*** Opening Source material ***

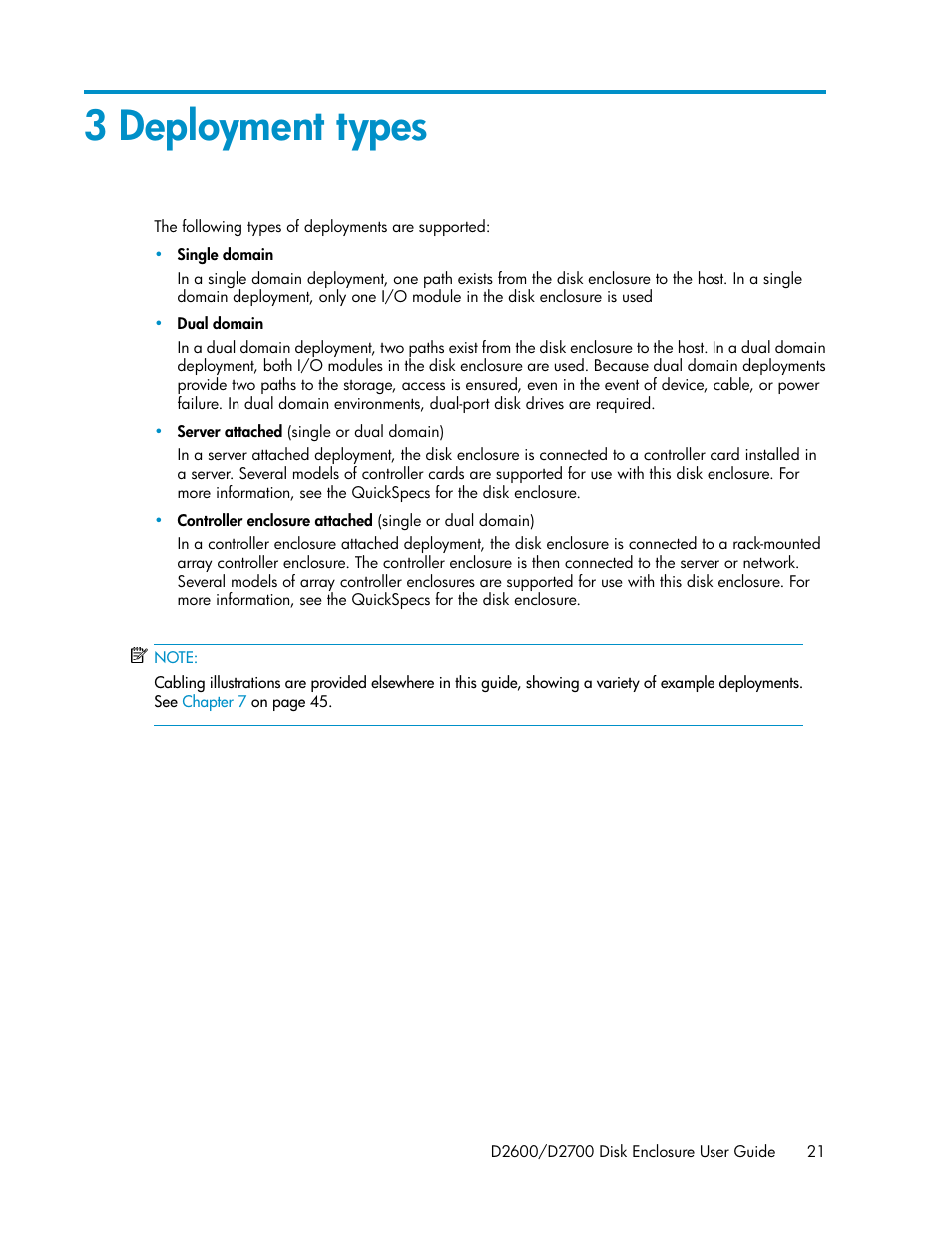 3 deployment types | HP D2000 Disk Enclosures User Manual | Page 21 / 76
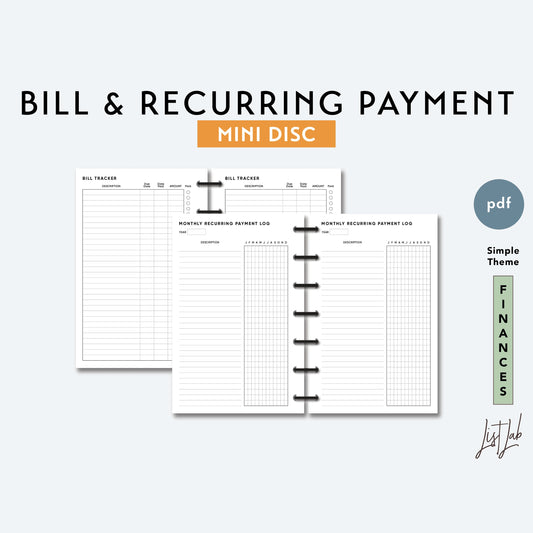 Mini Discbound BILL & RECURRING PAYMENT SET Printable Insert Set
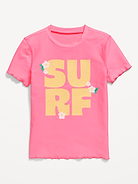 Image number 1 showing, Short-Sleeve Graphic Rashguard Swim Top for Girls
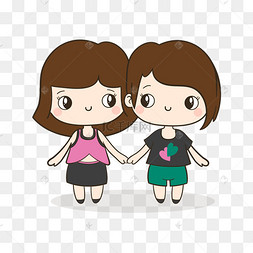 可爱卡通姐妹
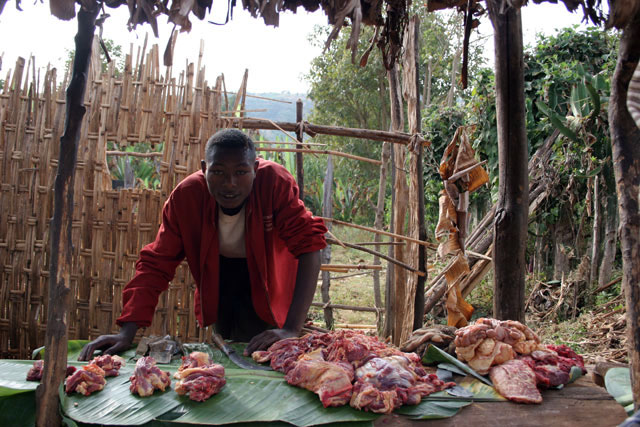 Meat sellers on the way to Yabelo. South,  Ethiopia.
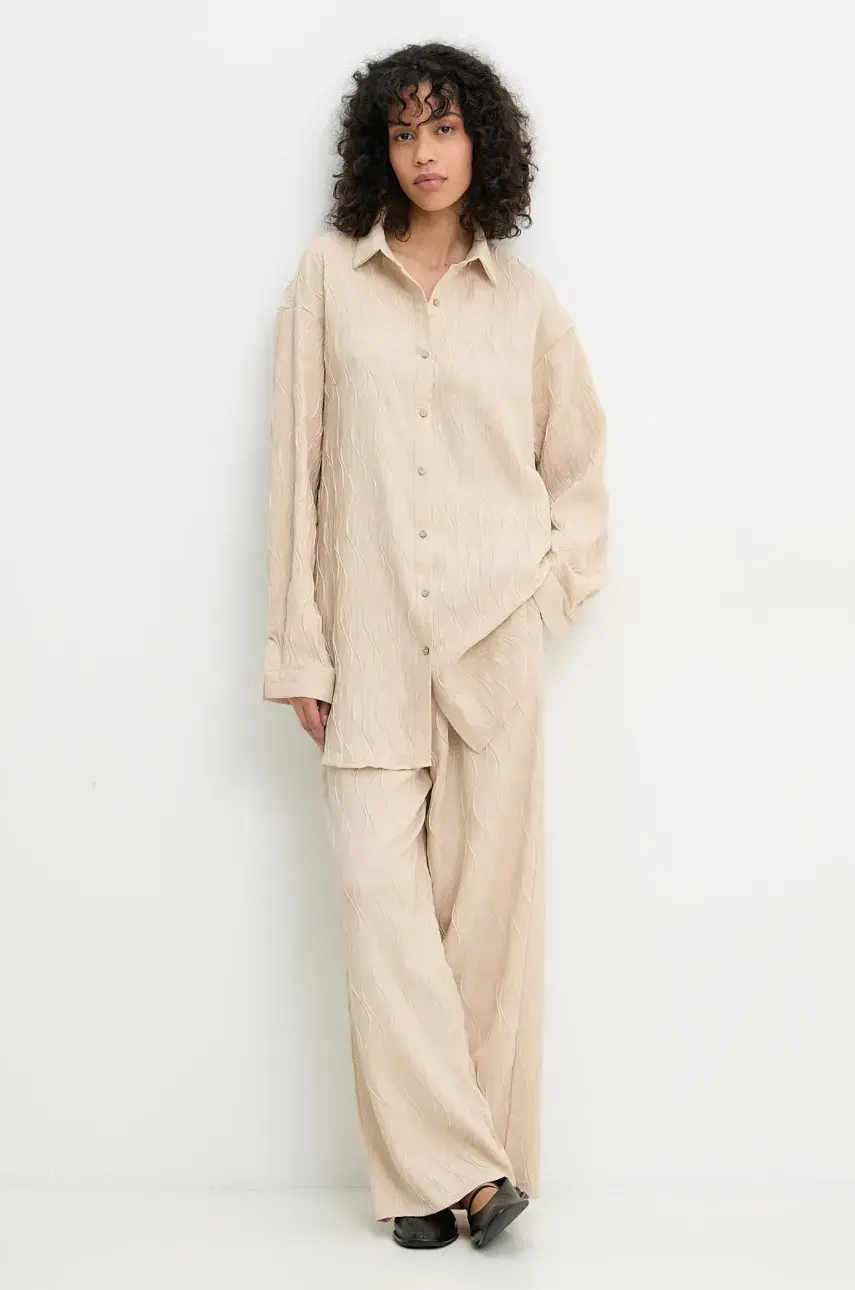 Ľanová súprava Answear Lab dámsky, béžová farba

*** Closing Source material ***

## Task details
Beginning with the line that holds "Mini Discbound BILL", return each line through the end of the records above exactly. Do not include pictures.

## Solution
 Mini Discbound BILL & RECURRING PAYMENT SET Printable Insert Set
 Image number 1 showing, Short-Sleeve Graphic Rashguard Swim Top for Girls
 可爱卡通姐妹
 Meat sellers on the way to Yabelo. South,  Ethiopia.
 Ľanová súprava Answear Lab dámsky, béžová farba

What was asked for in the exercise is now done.